Spectre is a fundamental flaw in speculative execution that means it can leak information, so it’s a security vulnerability. Apparently Intel has been imposing draconian requirements on software to work around the issue rather than fixing it in hardware, which is obviously what they should do, but is not at all trivial.

Rain World: Slugcat Game@lemmy.world · 1 month ago

hardware is like your computer, stuff like the cpu and ram. software is like the programs on that computer. linus torvalds makes a program that has to deal with the details of the computer (the linux kernel). as such, they have to work around problems in the hardware.

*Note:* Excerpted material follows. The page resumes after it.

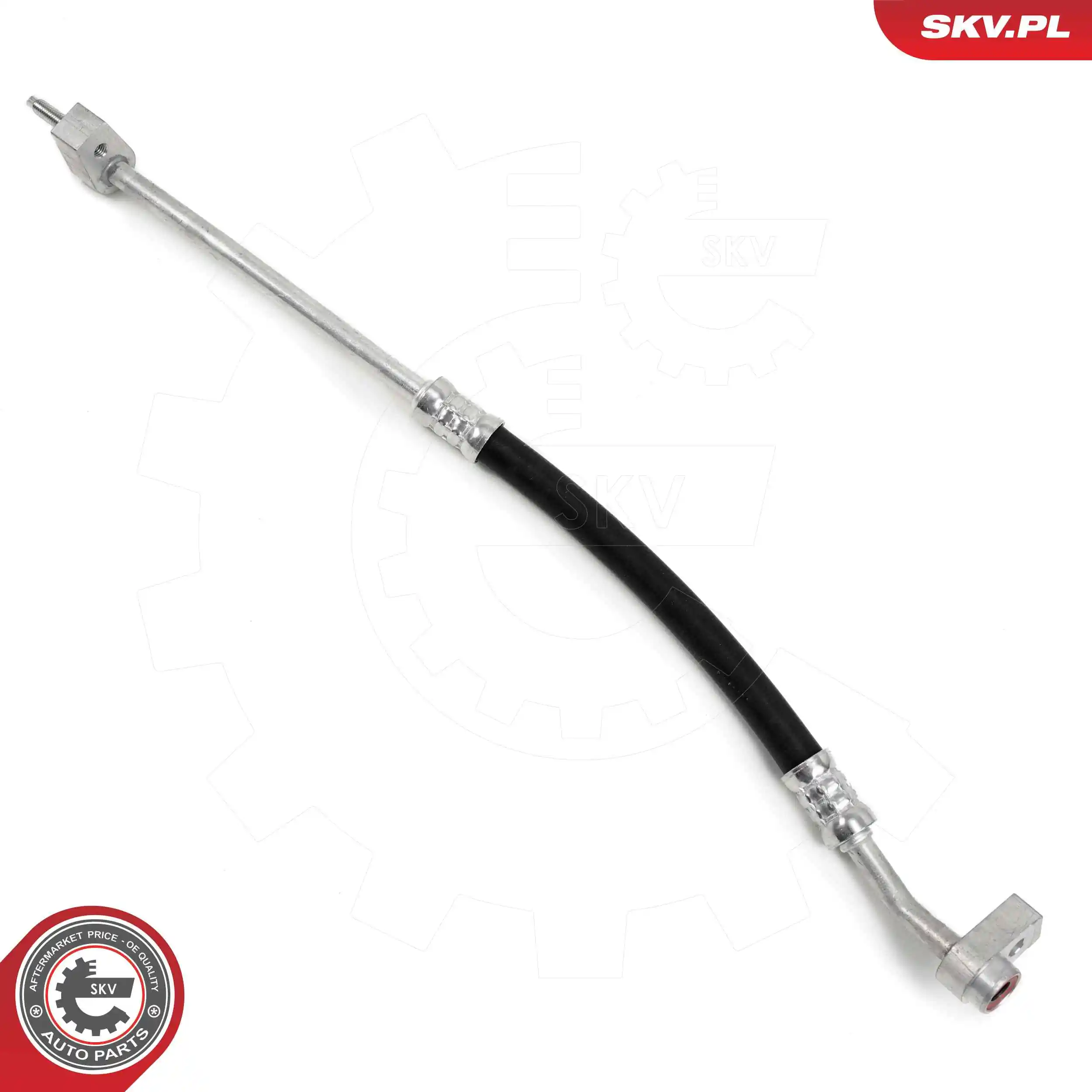 ESEN SKV 54SKV622 High-/Low Pressure Line, air conditioning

wulrus@lemmy.world · 1 month ago

Thanks for the unappreciated ELI2

Rain World: Slugcat Game@lemmy.world · 1 month ago

fuck

El Barto@lemmy.world · 1 month ago

I’m a graybeard software engineer with 30+ years of experience.

I appreciated your explanation.

wulrus@lemmy.world · 30 days ago

Me too; it’s BECAUSE I’m so old that I appreciate a general rooting what this is all about.

teawrecks@sopuli.xyz · 1 month ago

In the last 10 years there has been a seemingly noteworthy uptick in hardware bugs in both intel and amd CPUs. Security researchers find and figure out potential attack vectors that rely on these bugs (ex. Specter/Meltdown). Then operating systems have to put workarounds in their kernel code to ensure that these hypothetical attack vectors are accounted for, at the cost of performance and more complicated code.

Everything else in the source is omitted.